Adds a trie class.
authorScott Gasch <[email protected]>
Fri, 24 Sep 2021 05:10:30 +0000 (22:10 -0700)
committerScott Gasch <[email protected]>
Fri, 24 Sep 2021 05:10:30 +0000 (22:10 -0700)
trie.py [new file with mode: 0644]

diff --git a/trie.py b/trie.py
new file mode 100644 (file)
index 0000000..be7a48d
--- /dev/null
+++ b/trie.py
@@ -0,0 +1,246 @@
+#!/usr/bin/env python3
+
+from typing import Any, Sequence
+
+
+class Trie(object):
+    """
+    This is a Trie class, see: https://en.wikipedia.org/wiki/Trie.
+
+    It attempts to follow Pythonic container patterns.  See doctests
+    for examples.
+
+    """
+    def __init__(self):
+        self.root = {}
+        self.end = "~#END#~"
+        self.length = 0
+
+    def insert(self, item: Sequence[Any]):
+        """
+        Insert an item.
+
+        >>> t = Trie()
+        >>> t.insert('test')
+        >>> t.__contains__('test')
+        True
+
+        """
+        current = self.root
+        for child in item:
+            current = current.setdefault(child, {})
+        current[self.end] = self.end
+        self.length += 1
+
+    def __contains__(self, item: Sequence[Any]) -> bool:
+        """
+        Check whether an item is in the Trie.
+
+        >>> t = Trie()
+        >>> t.insert('test')
+        >>> t.__contains__('test')
+        True
+        >>> t.__contains__('testing')
+        False
+        >>> 'test' in t
+        True
+
+        """
+        current = self.__traverse__(item)

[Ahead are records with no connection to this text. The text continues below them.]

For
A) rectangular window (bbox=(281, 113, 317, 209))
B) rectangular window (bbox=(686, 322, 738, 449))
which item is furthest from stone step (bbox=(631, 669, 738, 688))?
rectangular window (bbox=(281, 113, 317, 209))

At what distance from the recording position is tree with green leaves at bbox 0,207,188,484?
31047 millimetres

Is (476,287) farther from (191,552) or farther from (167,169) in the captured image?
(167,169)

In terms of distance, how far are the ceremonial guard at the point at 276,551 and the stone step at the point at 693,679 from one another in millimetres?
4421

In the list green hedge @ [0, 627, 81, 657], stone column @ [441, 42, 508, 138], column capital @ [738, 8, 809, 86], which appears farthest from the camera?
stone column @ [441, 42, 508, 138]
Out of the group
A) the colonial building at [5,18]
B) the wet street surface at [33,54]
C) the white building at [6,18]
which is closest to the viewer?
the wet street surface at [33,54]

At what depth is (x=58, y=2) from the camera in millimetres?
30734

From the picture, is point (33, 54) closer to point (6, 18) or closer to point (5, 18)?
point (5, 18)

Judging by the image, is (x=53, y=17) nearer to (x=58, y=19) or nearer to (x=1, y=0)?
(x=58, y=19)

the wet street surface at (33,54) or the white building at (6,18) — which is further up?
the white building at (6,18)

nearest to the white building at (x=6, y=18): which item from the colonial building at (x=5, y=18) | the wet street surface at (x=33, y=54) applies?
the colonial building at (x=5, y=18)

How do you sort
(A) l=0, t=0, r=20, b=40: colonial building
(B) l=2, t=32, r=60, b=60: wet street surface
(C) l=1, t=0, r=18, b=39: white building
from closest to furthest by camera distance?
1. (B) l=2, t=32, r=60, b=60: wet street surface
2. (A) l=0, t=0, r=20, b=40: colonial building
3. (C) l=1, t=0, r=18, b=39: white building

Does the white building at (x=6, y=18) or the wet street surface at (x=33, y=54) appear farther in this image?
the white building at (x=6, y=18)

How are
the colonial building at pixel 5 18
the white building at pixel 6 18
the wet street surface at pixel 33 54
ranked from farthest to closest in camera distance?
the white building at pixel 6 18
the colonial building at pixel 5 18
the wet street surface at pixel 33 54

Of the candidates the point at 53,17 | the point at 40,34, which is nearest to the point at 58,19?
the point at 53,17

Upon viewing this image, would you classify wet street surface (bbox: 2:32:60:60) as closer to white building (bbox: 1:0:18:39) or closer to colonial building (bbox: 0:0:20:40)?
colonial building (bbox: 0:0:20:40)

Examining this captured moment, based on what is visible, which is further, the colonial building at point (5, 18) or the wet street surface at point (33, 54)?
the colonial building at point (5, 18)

+        if current is None:
+            return False
+        else:
+            return self.end in current
+
+    def contains_prefix(self, item: Sequence[Any]):
+        """
+        Check whether a prefix is in the Trie.  The prefix may or may not
+        be a full item.
+
+        >>> t = Trie()
+        >>> t.insert('testicle')
+        >>> t.contains_prefix('test')
+        True
+        >>> t.contains_prefix('testicle')
+        True
+        >>> t.contains_prefix('tessel')
+        False
+
+        """
+        current = self.__traverse__(item)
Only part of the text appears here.